### Stored data ###

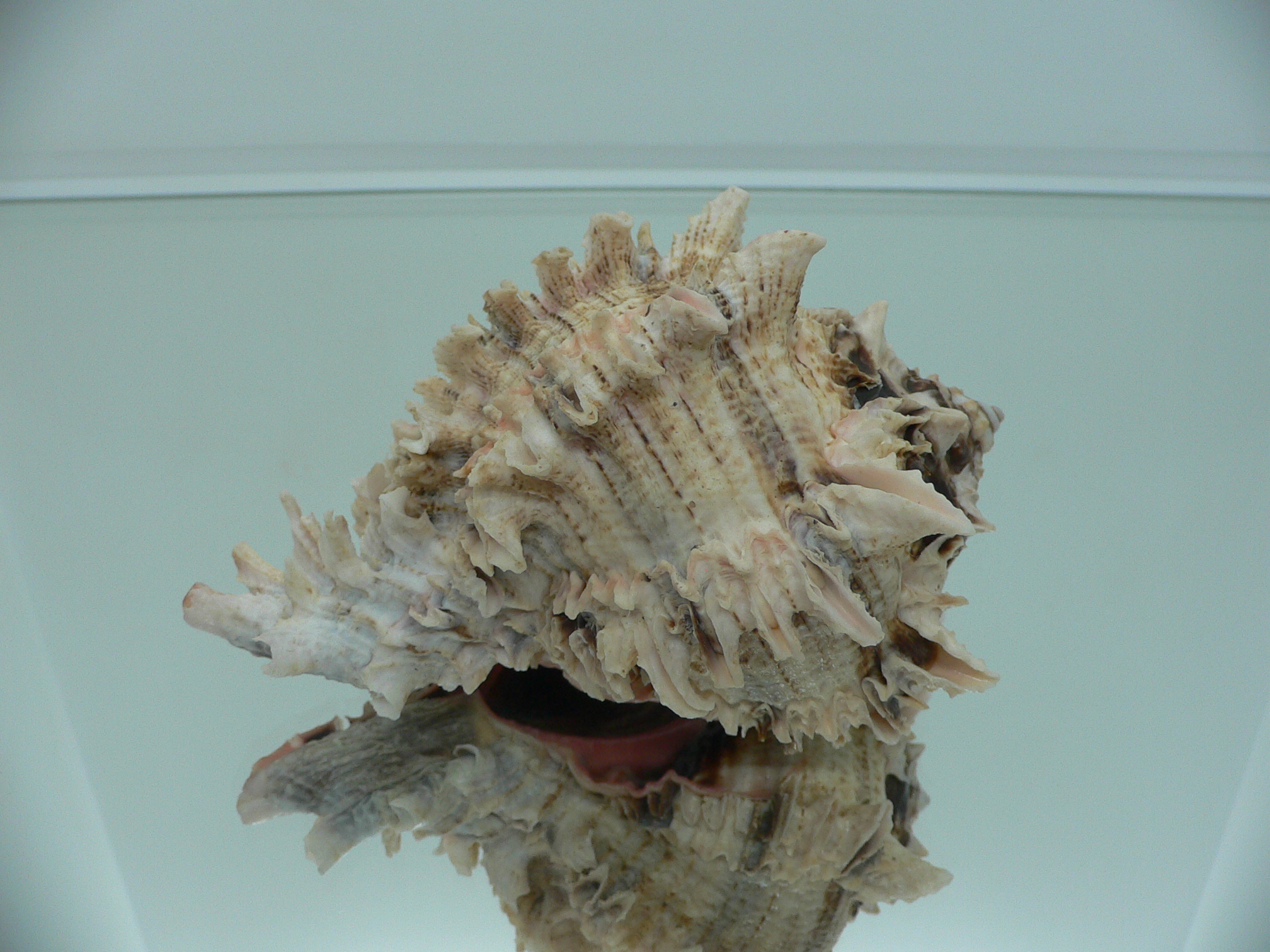 Hexaplex regius ARISTOCRAT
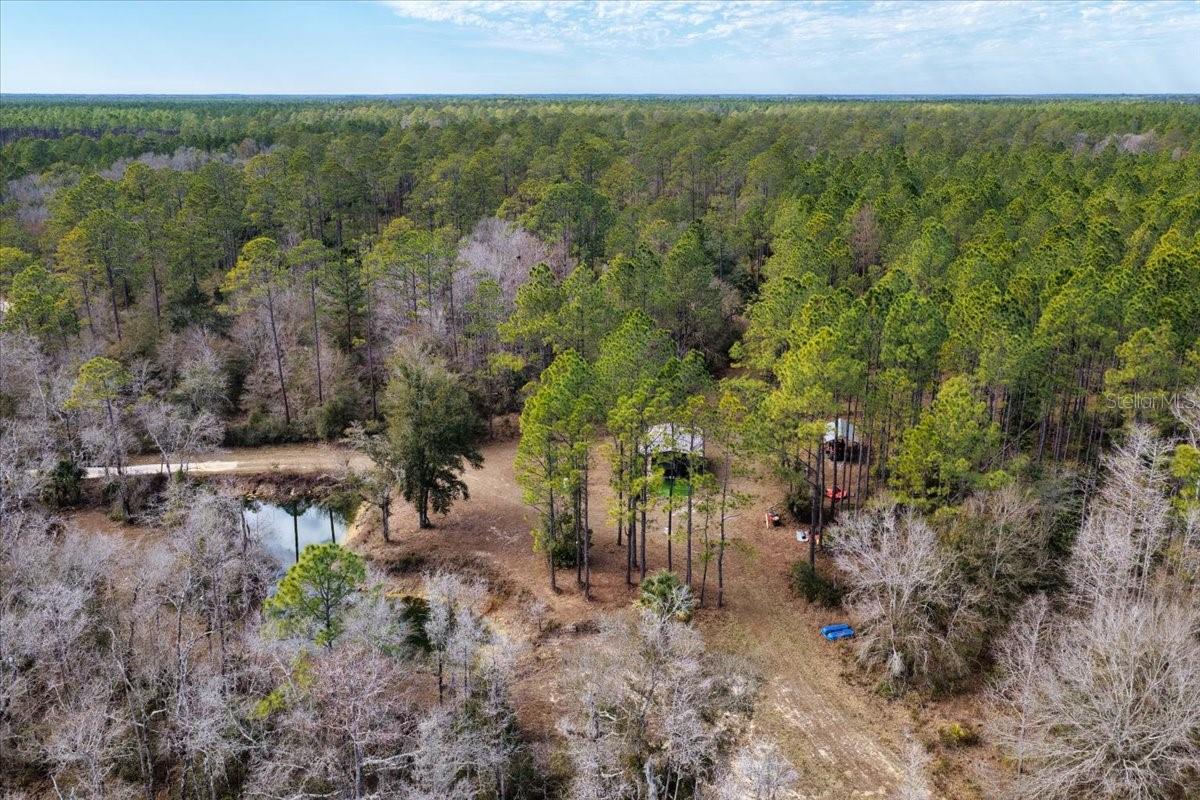 60 Acres NW CLYATT ROAD, CHIEFLAND, FL — photo 66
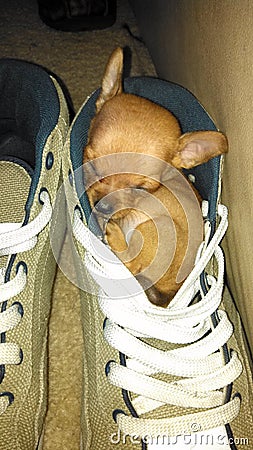 Puppy asleep in shoe Stock Photo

###

What is required: Starting with the line that holds "60 Acres NW", print each line through the last one of the data exactly as written, but do not include the pictures.

Reply:
 60 Acres NW CLYATT ROAD, CHIEFLAND, FL — photo 66
 Puppy asleep in shoe Stock Photo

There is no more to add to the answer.